TASK ITEM:
Extract each line of the material that follows exactly and omit its pictures.

DATASET CONTENT:
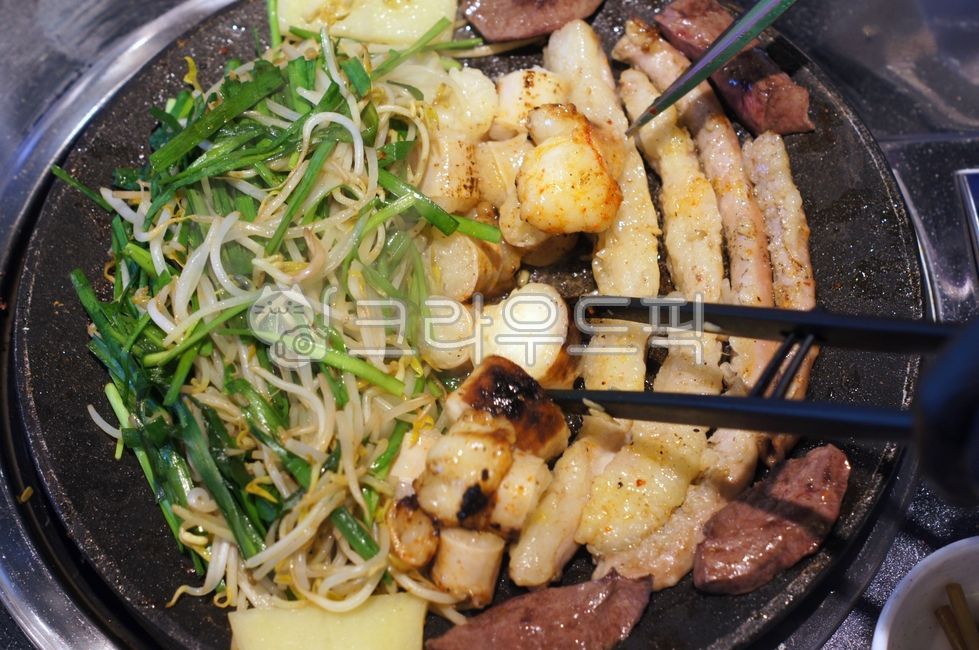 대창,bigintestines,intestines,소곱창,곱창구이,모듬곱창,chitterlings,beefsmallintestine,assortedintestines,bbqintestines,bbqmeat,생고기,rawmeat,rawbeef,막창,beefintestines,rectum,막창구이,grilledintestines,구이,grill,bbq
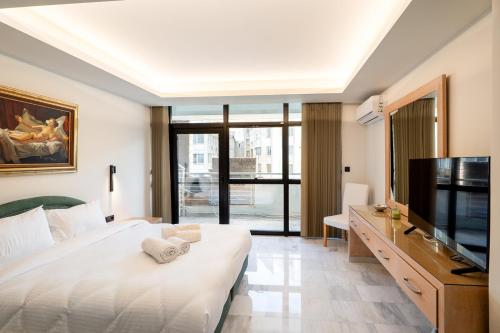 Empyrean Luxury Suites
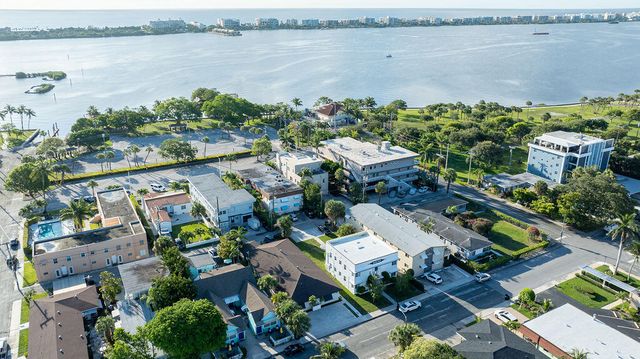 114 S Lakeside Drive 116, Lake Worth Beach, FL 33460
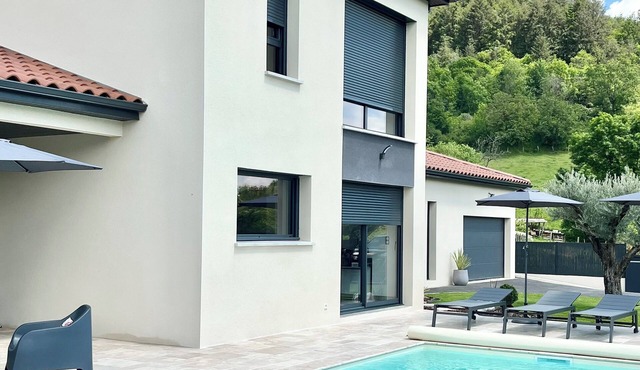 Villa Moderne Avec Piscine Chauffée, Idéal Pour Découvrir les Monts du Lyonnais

OUTPUT:
 대창,bigintestines,intestines,소곱창,곱창구이,모듬곱창,chitterlings,beefsmallintestine,assortedintestines,bbqintestines,bbqmeat,생고기,rawmeat,rawbeef,막창,beefintestines,rectum,막창구이,grilledintestines,구이,grill,bbq
 Empyrean Luxury Suites
 114 S Lakeside Drive 116, Lake Worth Beach, FL 33460
 Villa Moderne Avec Piscine Chauffée, Idéal Pour Découvrir les Monts du Lyonnais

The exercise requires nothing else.